7. Who We Share Information With
Payment processors: To facilitate transactions we share the information collected to instruct payments.
Third-party service providers: We may use third-party service providers to help us operate our business. These providers are obligated to keep your information confidential.
We will only share your information outside the UK with appropriate safeguards in place, as required by the UK GDPR.
8. Sharing Information Outside the UK
Where necessary, we may transfer personal information outside of the UK. When doing so, we comply with the UK GDPR, ensuring appropriate safeguards are in place. Please contact us for more information.
9. Your data protection rights
Under data protection law, you have rights including:
Your right of access - You have the right to ask us for copies of your personal data. A subject access request can be made by email to dpo@five.id. We will need to obtain proof of your identity before providing you with information we hold about you.
Your right to rectification - You have the right to ask us to rectify personal data you think is inaccurate. You also have the right to ask us to complete information you think is incomplete.
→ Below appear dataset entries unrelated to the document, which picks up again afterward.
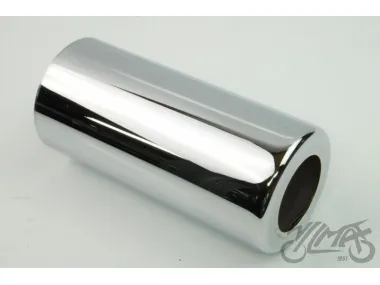 BUSH TS250 CHROME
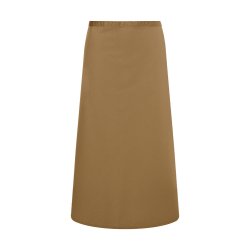 Karlowsky Forklde BBSS1 7909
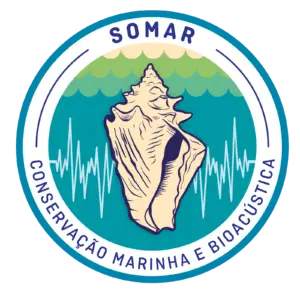 SOMAR - Conservação Marinha e Bioacustica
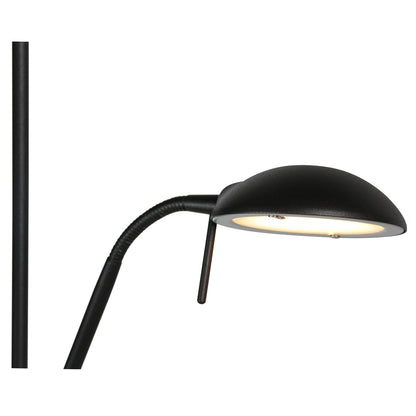 zwarte-2-lichts-vloerlamp-met-uplighter-en-flexibele-leesarm-mexlite-curtis-variant-image4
Your right to erasure - You have the right to ask us to erase your personal data in certain circumstances.
Your right to restriction of processing - Article 17 UK GDPR lists the circumstances where you have the right to be forgotten and have data concerning you erased from our records. We will fulfil this right where it exists in the listed circumstances.
Your right to object to processing - Article 18 UK GDPR lists the circumstances where you have the right to obtain from us a restriction of processing. If one of these circumstances apply we will restrict our processing of your personal data in the ways required by Article 18.
Your right to data portability - You have the right to ask that we transfer the personal data you gave us to another organisation, or to you, in certain circumstances.
Your right to withdraw consent - When we use consent as our lawful basis you have the right to withdraw your consent.
You don't usually need to pay a fee to exercise your rights. If you make a request, we have one calendar month to respond to you.
To make a data protection rights request, please contact us using the contact details at the top of this privacy notice.
10. How to Complain
If you have any concerns about our use of your personal data, you can make a complaint to us using the contact details at the top of this privacy notice.
If you remain unhappy with how we've used your data after raising a complaint with us, you can also complain to the ICO.
The ICO's address: Information Commissioner's Office, Wycliffe House, Water Lane, Wilmslow, Cheshire, SK9 5AF
Helpline number: 0303 123 1113
11. Explaining AI Decisions
This privacy notice includes the following information to help you understand clearly how your data is being used.
Five ID collects palm biometric information via a dedicated terminal and utilises AI software to compare this data against a database of Five ID customers. If a match is found, customers are authenticated, and payment partners are instructed to process the transaction.
Before collecting your biometric information, you will need to place your palm over a Five terminal during the payment process or onboarding application. These images are encrypted and transmitted to our secure cloud server, where they are converted into biometric measurements and compared against our database.
This rephrased privacy policy ensures compliance with UK GDPR and the Data Protection Act 2018, providing clear and comprehensive information about the collection, use, and protection of biometric data.